Avec l’avènement du capitalisme financier dans les années 90, les cadres ont perdu le pouvoir au profit des actionnaires. Les technologies de l’information (mails, logiciels, portables, mobiles) ont transformé leur activité, l’accélérant et la contrôlant davantage tout en effaçant les frontières entre travail et vie privée. Pourtant les cadres continuent de consentir au capitalisme moderne. Dans leur ensemble, ils croient en la mondialisation, valorisent l’autonomie dans le travail et louent la recherche de la performance.
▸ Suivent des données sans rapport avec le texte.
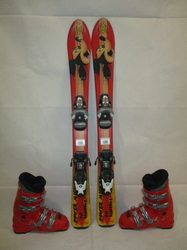 Dětské lyže VÖLKL POWER MICKEY 90cm + Lyžáky 19cm, VÝBORNÝ STAV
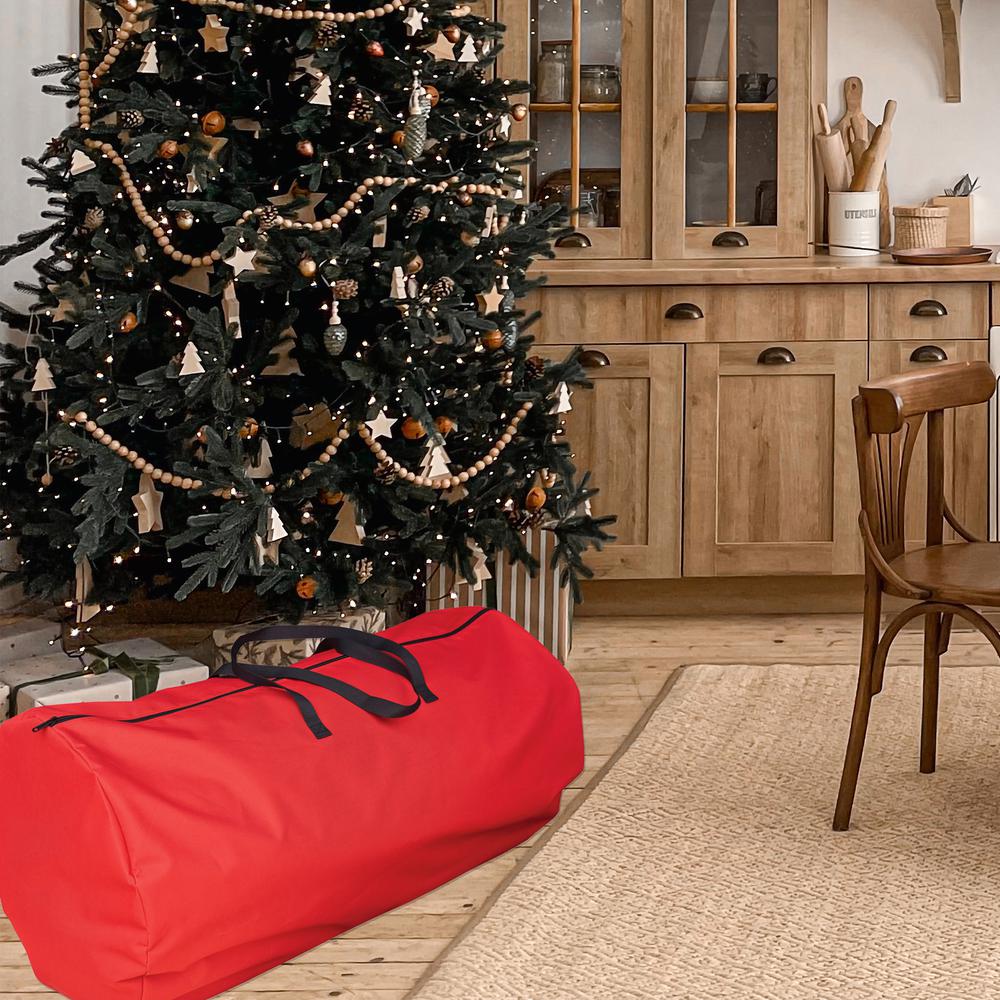 36" Multi-Use Large Holiday Storage Bag - For Garlands Trees Lights Inflatables. Picture 4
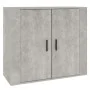 Betongraues Sperrholz-Sideboard 80x33x70 cm von vidaXL, Sideboards - Ref: Foro24-816564, Preis: 87,85 €, Rabatt: %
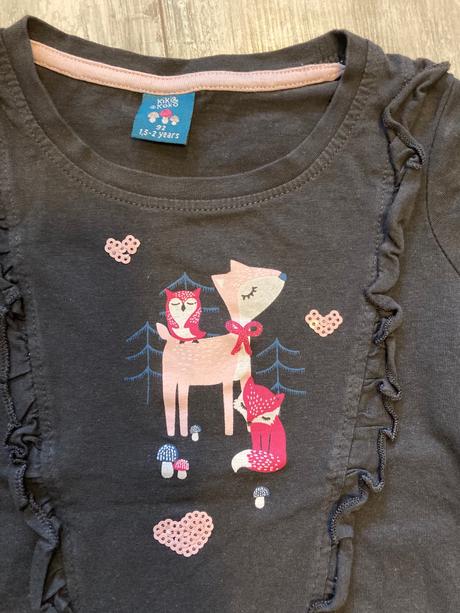 Tričko s volánikmi, ergee,92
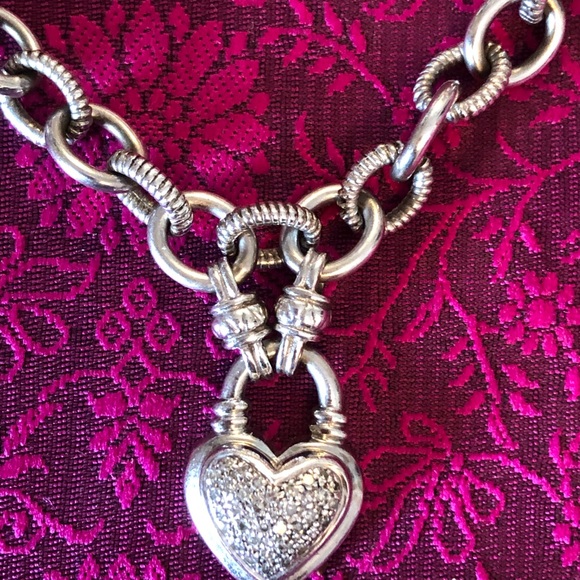 Silver 925 with 1/4ct Diamond Heart Necklace. - Picture 2 of 10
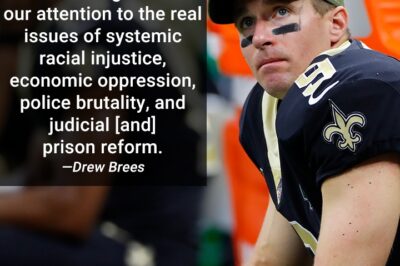 “NO KNEELING!” Trump Slams Drew Brees, But Saints Star Fires Back With Emotional Instagram Apology — Social Media Erupts As NFL Icons Weigh In On Flag, Race, And America’s Critical Crossroads  Under the Friday night lights, Drew Brees faces presidential backlash and locker room fury—until one heartfelt post flips the national conversation. Is this the moment sports and politics finally collide for real?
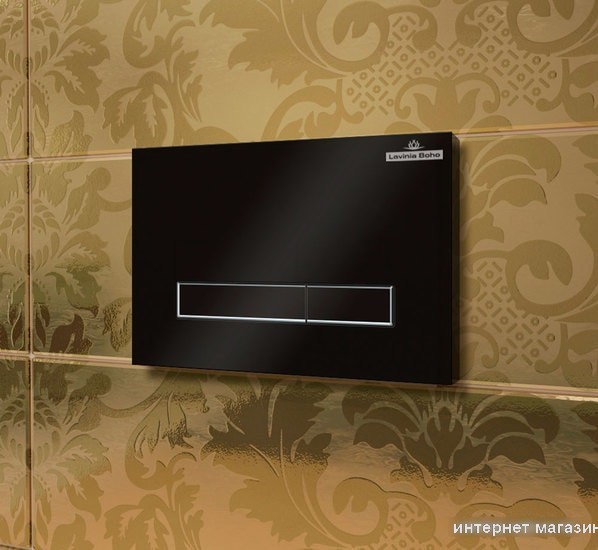 Панель смыва Lavinia Boho Relfix 3805003B (черный)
Quelques paroles de cadres aussi bien formatées que pétries d'ambiguïtés :

«Un cadre ne compte pas ses heures »
«C’est face au mur qu’on est vraiment stimulé »
«Même si les filiales sont très autonomes, si les cadres sont très autonomes dans leurs missions, quelque part on a aussi beaucoup de comptes à rendre »
«Autonomie dans la conduite du projet, mais absence de maîtrise des budgets, des moyens, des effectifs et des délais»


Les cadres se comportent comme d’indécrottables premiers de la classe. Dès l'enfance, la famille et l’école leur ont  incorporé leurs qualités de sérieux et de servilité. Scolarités épanouies, bacs avec mentions, jeunesses sacrifiées aux classes de sup et de spé, école d’ingé et c’est parti, vous voilà cadre pour la vie avec la vie qui va avec. Une vie dont les valeurs sont travail, performance et fiabilité. Vingt ans près leur sortie de l'école ils continuent à donner le meilleur d'eux même pour atteindre leurs objectifs, se prouver qu'ils ont bons, valider leur évaluation de performance annuelle.  Les entreprises où travaillent les cadres ne leur appartiennent pas mais elles profitent de cette main d’œuvre fiable, apte à diriger et prête à s’auto-exploiter à grands coups de challenges et de performance.

Les cadres acceptent leur position de dominants dominés car ils n’ont pas d’autre solution que de consentir au capitalisme moderne à moins d’abandonner les avantages de leur position sociale. Les satisfactions issues de leur travail (sentiments d’autonomie, de réalisation de soi), d’acquisition de nouvelles compétences leur  procurent l’impression de travailler pour eux alors que l’entreprise qui les emploie leur extorque des soumissions qu'ils ne perçoivent pas comme telles.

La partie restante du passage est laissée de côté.